MAN OF THE DAY
Arsène “Wenger Out” Wenger: taking his crisis club to their fifth win in six, and annoying @piersmorgan in the process.
CROSSED WIRES OF THE DAY
News that Hereford’s suspension had been lifted reached the ears of 167 fans but not the match officials, who believed their game at Dunstable was off and did not turn up. The referee eventually arrived, and the game started half an hour late.
FANS OF THE DAY
The table may make grim reading for Borussia Dortmund fans – but 15,000 of them still travelled 200 miles to watch their match at Hertha Berlin. They lost 1-0.
IDIOM OF THE DAY
Sky’s Alan McInally rolling out an old favourite: shrugging off Burnley v Southampton as a textbook “damp squid”.
FAMILY AFFAIR OF THE DAY
Oldham manager Lee Johnson might have fancied his play-off chasers beating dad Gary’s struggling Yeovil.

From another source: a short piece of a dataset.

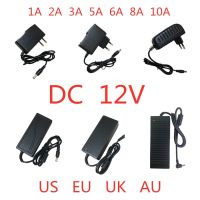 หม้อแปลง2A 1A 12 V AC 100V-240V DC 12 V ตัวแปลง3A 6A 8A อะแดปเตอร์จ่ายไฟไฟ10A สำหรับกล้องวงจรปิดไฟแถบไฟ LED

Sunday lunch might be interesting now: Johnson senior came away from Boundary Park with a 4-0 win.
VAN OF THE DAY
Craig Levein had a reputation for parking buses with Scotland but, now at Cowdenbeath, went one better by tweeting a picture of a club van in the goalmouth of their Central Park ground. It was a means of defrosting the pitch rather than a new tactic, but their match against Hearts was still postponed.
Heat from van engine attempt to defrost goalmouth at Central Park this am. Every effort made :-))) pic.twitter.com/z63eLFZMSo
— Craig Levein (@CraigWLevein) December 13, 2014
GOOD DAY FOR …
Conference North strugglers Hyde: making it two wins on the bounce with a 4-2 FA Trophy mauling of Spennymoor Town. @hydefclive: “Easy, this winning-lark.”